## How many clusters?

February 20, 2015

Sometimes people think that a Dirichlet Process (DP) can be used to pick the “right number of clusters”.  The following plots done by Monash Matlab whiz Mark Carman show that this has to be done very carefully.

Given $N$ samples, Mark’s first plot shows the expected number of clusters, $M$, that one would get with a DP using concentration parameter $\alpha$.  The thing to notice is that the number of clusters is moderately well determined by the concentration parameter.  In fact the mean (expected value) of $M$ is given by:

$\alpha \left( \psi(\alpha+N) - \psi(\alpha)\right)$

where $\psi(\cdot)$ is the digamma function; for details see the ArXiv report by Marcus Hutter and I, Section 5.3.  Morever, the standard deviation of $M$ is approximately the square root of the mean (for larger concentrations).

So fixing a given concentration parameter means roughly fixing the number of clusters, which increases as the sample size grows.  So with a fixed concentration parameter you cannot really “estimate” the right number of clustersroughly you are fixing the value ahead of time when setting the concentration.

Mark’s second plot shows what we do to overcome this.  We have to estimate the concentration parameter as well.  So if we put a prior distribution, an Exponential with parameter $\epsilon$, on the concentration, we now smear out the previous plots.  So now we show plots for different values of $\epsilon$.  As you can see, these plots have a much higher variance, which is what you want.  With a given $\epsilon$, you are still determining the broad range of the number of clusters, but you have a lot more latitude.

In implementation, this means we estimate the concentration $\alpha$ (usually) by sampling it.  If we use Chinese restaurant processes, there is a simple auxiliary variable sampling formula for the concentration (presented in the original HDP paper by Teh et al.).  If we use our blocked table indicator sampling, the posterior on the concentration is log concave so we can use either slice sampling or adaptive rejection sampling (ARS). The implementation is moderately simple, and it works well.  However, it does mean now your algorithm will expend more time as it has to try and find the right concentration as well.

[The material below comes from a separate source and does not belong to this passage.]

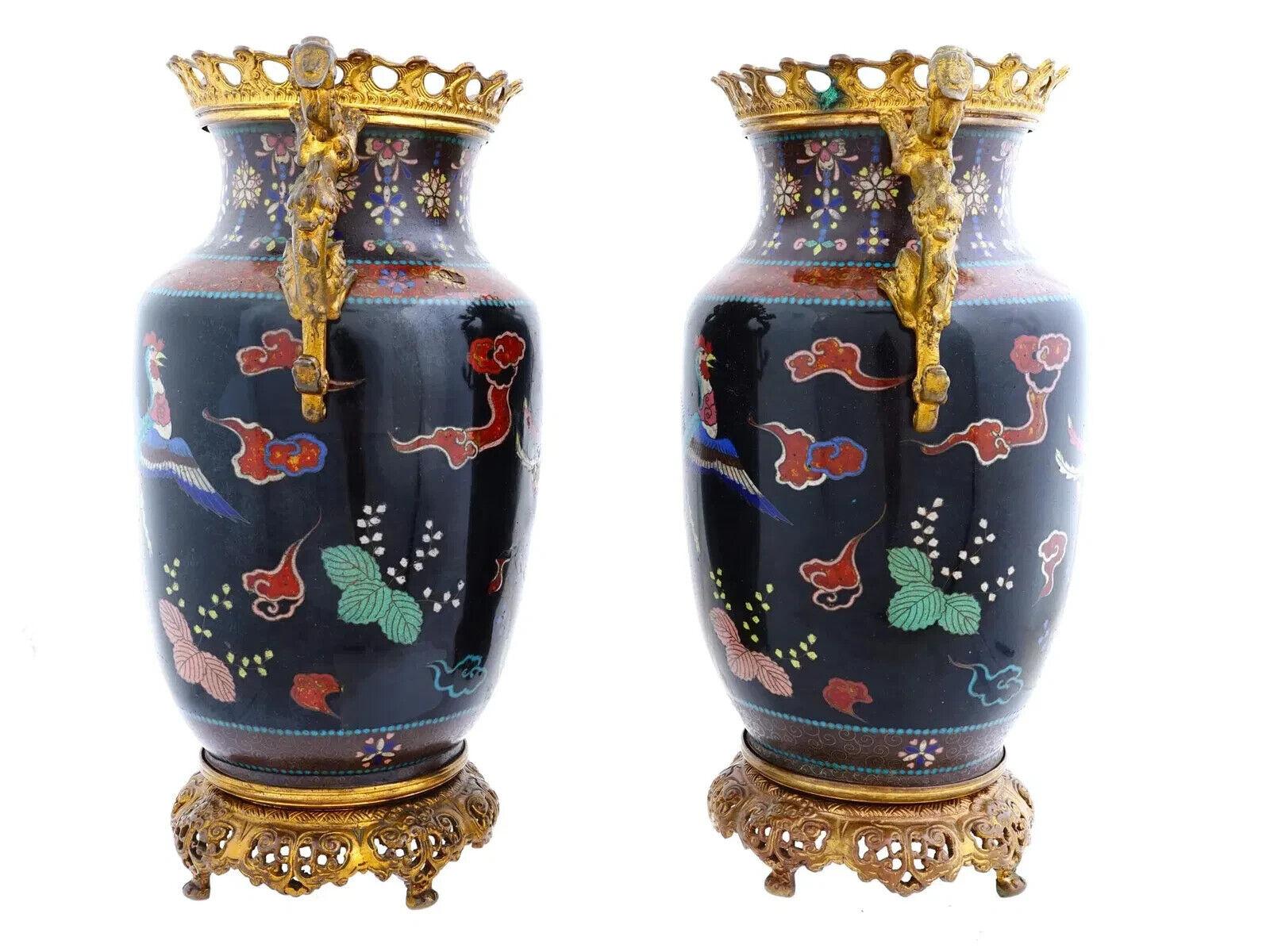 Ein Paar antike japanische Meiji-Vasen aus Cloisonné-Emaille und Goldbronze mit Goldbronze-Montierung im Zustand „Gut“ im Angebot in New York, NY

## Wray on the history of the hierarchical Pitman-Yor process

November 15, 2014

Following on from Lancelot James’ post on the Pitman-Yor process (PYP) I thought I’d follow up with key events from the machine learning perspective, including for the Dirichlet process (DP).  My focus is the hierarchical versions, the HPYP and the HDP.

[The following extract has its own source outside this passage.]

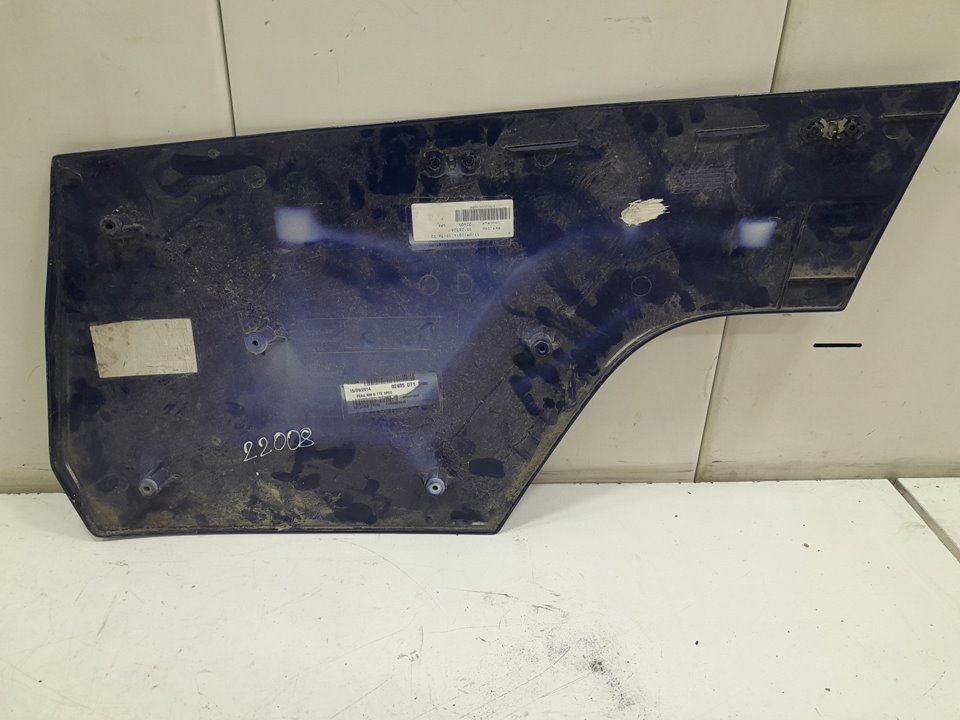 Moldura puerta  delantera derecha renault t 460 dti 11 460 euro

The DP started to appear in the machine learning community to allow “infinite” mixture models in the early 2000’s.  Invited talks by Michael Jordan at ACL 2005 and ICML 2005 covers the main use here.  This, however, follows similar use in the statistical community.  The problem with this is that there are many ways to set up an infinite mixture model or an approximation to one, although the DP is certainly elegant here.  So this was no real innovation for statistical machine learning.

The real innovation was the introduction of the hierarchical DP (HDP) with the JASA paper by Teh, Jordan, Beal and Blei appearing in 2006, and a related hierarchical Pitman-Yor language model at ACL 2006 by Yee Whye Teh.   There are many tutorials on this, but an early tutorial by Teh covers the range from DP to HDP, “A Tutorial on Dirichlet Processes and Hierarchical Dirichlet Processes” and starts discussing the HDP about slide 37.  It is the “Chinese restaurant franchise,” a hierarchical set of Chinese restaurants, that describes the idea.  Note, however, we never use these interpretations in practice because they require dynamic memory.

These early papers went beyond the notion of “infinite mixture model” to the notion of an “hierarchical prior”.  I cover this in my tutorial slides discussing n-grams.  I consider the hierarchical Pitman-Yor language model to be one of the most important developments in statistical machine learning and a stroke of genius.  These were mostly based on algorithms using the Chinese restaurant franchise, based on the Chinese restaurant process (CRP) which is a distribution got by marginalising the probability vectors out of the DP/PYP.

Following this was a period of enrichment as various extensions of CRPs were considered, culminating in the Graphical Pitman-Yor Process developed by Wood and Teh, 2009.  CRPs continue to be used extensively in various areas of machine learning, particularly in topic models and natural language processing.  The standard Gibbs algorithms, however, are fairly slow and require dynamic memory, so do not scale well.

Variational algorithms were developed for the DP, and consequently the PYP, using the stick-breaking representation presented by Ishwaran and James in 2001, see Lancelot James’ comments.  The first of these was by Blei and Jordan 2004, and subsequently variations for many different problems were developed.

Perhaps the most innovative use of the hierarchical Pitman-Yor process is the Adaptor Grammar by Johnson, Griffiths and Goldwater in 2006.  Todate, these have been under-utilised, most likely because of the difficulty of implementation. However, I would strongly recommend any student of the HPYPs to study this work carefully because it shows both a deep understanding of HPYPs and of grammars themselves.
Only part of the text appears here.